The foregoing description of the Sims Severance Agreement is qualified in its entirety by the terms of the Sims Severance Agreement, which is filed as Exhibit 10.2 to this Form 8-K and is incorporated herein by reference.

Also on May 25, 2007, the Company entered into a severance and release agreement with Mr. Holmberg (the "Holmberg Severance Agreement") which provides for a modification of prior employment agreements and arrangements with Mr. Holmberg. Under the Holmberg Severance Agreement, Mr. Holmberg is entitled to a lump sum severance payment of $112,500 and an automobile allowance of $6,000 and has agreed to provide a customary release of all claims against the Company.

The foregoing description of the Holmberg Severance Agreement is qualified in its entirety by the terms of the Holmberg Severance Agreement, which is filed as Exhibit 10.3 to this Form 8-K and is incorporated herein by reference.





Item 9.01 Financial Statements and Exhibits.

Ex. 10.1 Employment Letter between Edward J. Fadel and the Company, dated May 23, 2007.

Ex. 10.2 Severance and Release Agreement between Gary I. ("Sims") Schneiderman and the Company, dated May 25, 2007.

Ex. 10.3 Severance and Release Agreement between Peter E. Holmberg and the Company, dated May 25, 2007.

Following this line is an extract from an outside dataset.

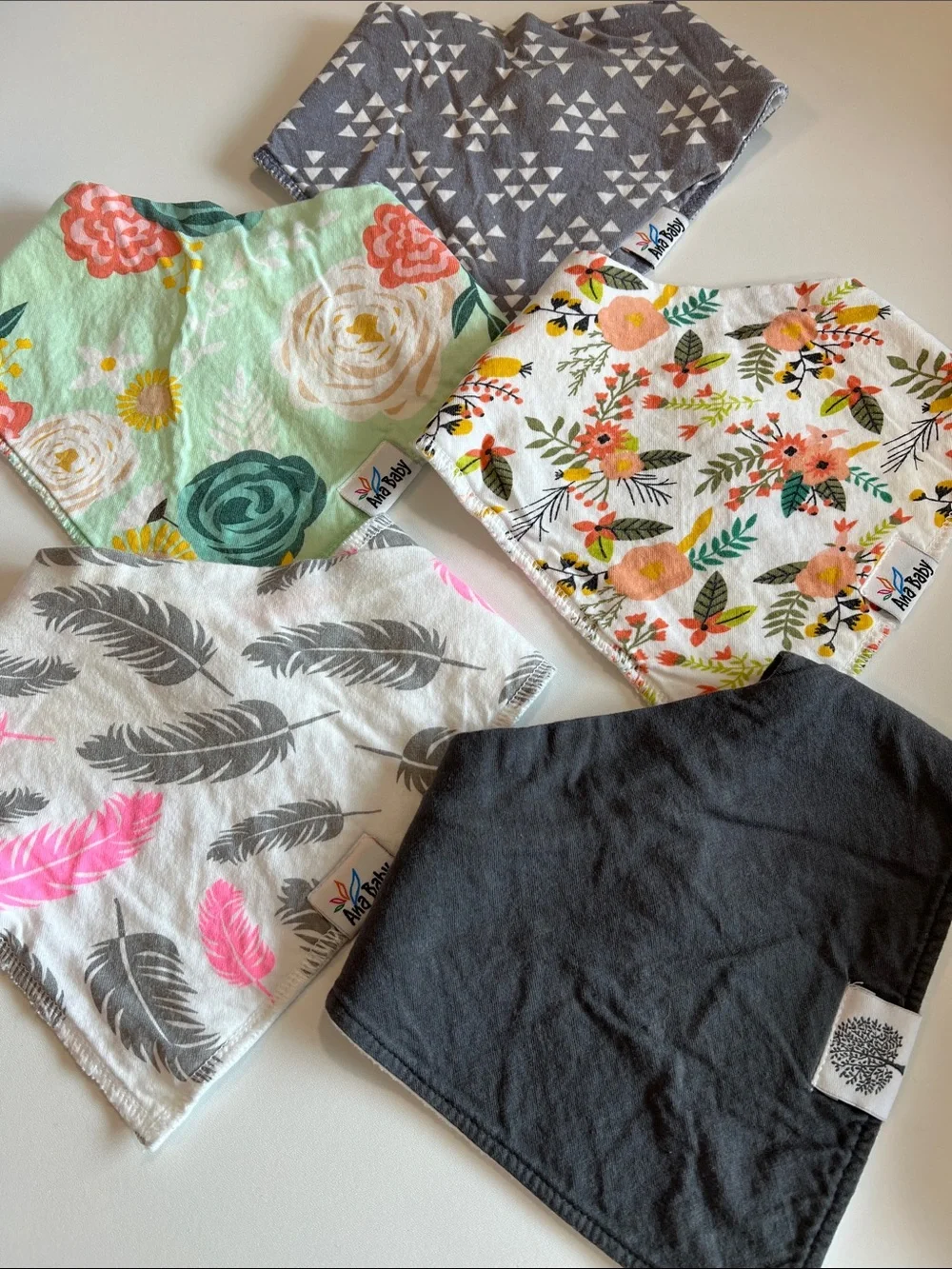 Ana Baby Bandana Bib Set in Charcoal, Gray, Mint & Coral - 5 pc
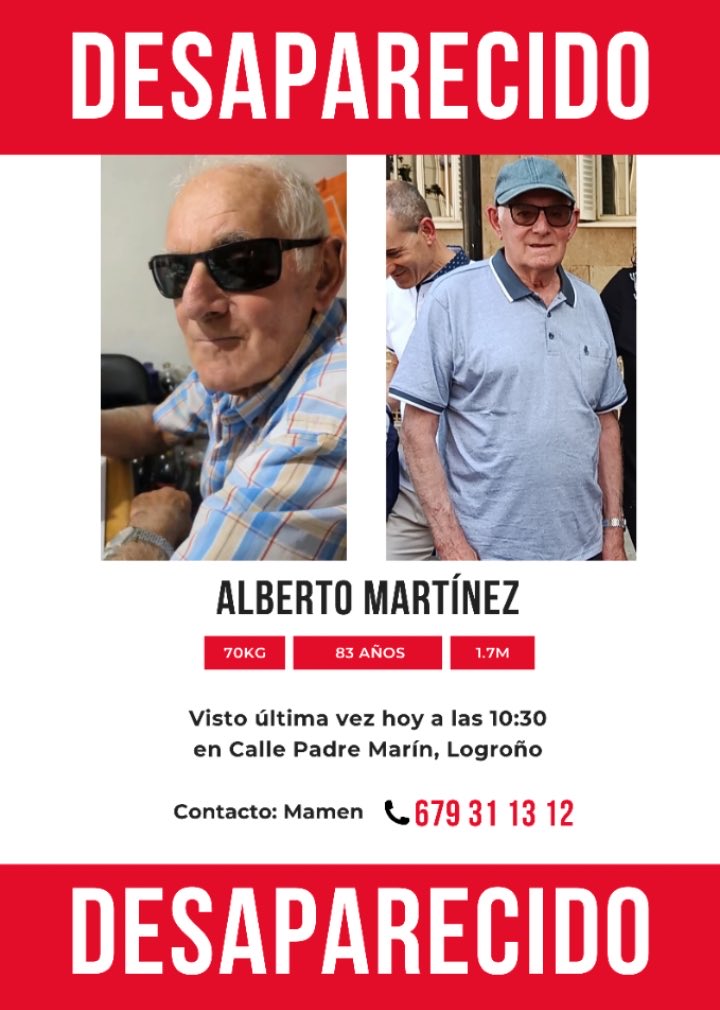 conrado_escobar's tweet photo. Me hago eco de este llamamiento de búsqueda a petición de la familia de Alberto.
Me consta que hay dispositivos de búsqueda en los que colabora Policía y Bomberos.
Gracias por la colaboración https://t.co/smaKGKp8V2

Ex. 99.1 Press release issued by the Company on May 23, 2007 announcing the appointment of Edward J. Fadel as President.






SIGNATURES

Pursuant to the requirements of the Securities Exchange Act of 1934, the registrant has duly caused this report to be signed on its behalf by the undersigned hereunto duly authorized.

         
    Ashworth, Inc.
          
May 25, 2007   By:   Eric R. Hohl
       
        Name: Eric R. Hohl
        Title: Chief Financial Officer


Exhibit Index


     
Exhibit No.   Description

 
10.1
  Employment Letter between Edward J. Fadel and the Company, dated May 23, 2007.
10.1
  Severance and Release Agreement between Gary I. (“Sims”) Schneiderman and the Company, dated May 25, 2007.
10.3
  Severance and Release Agreement between Peter E. Holmberg and the Company, dated May 25, 2007.
99.1
  Press release issued by the Company on May 23, 2007 announcing the appointment of Edward J. Fadel as President.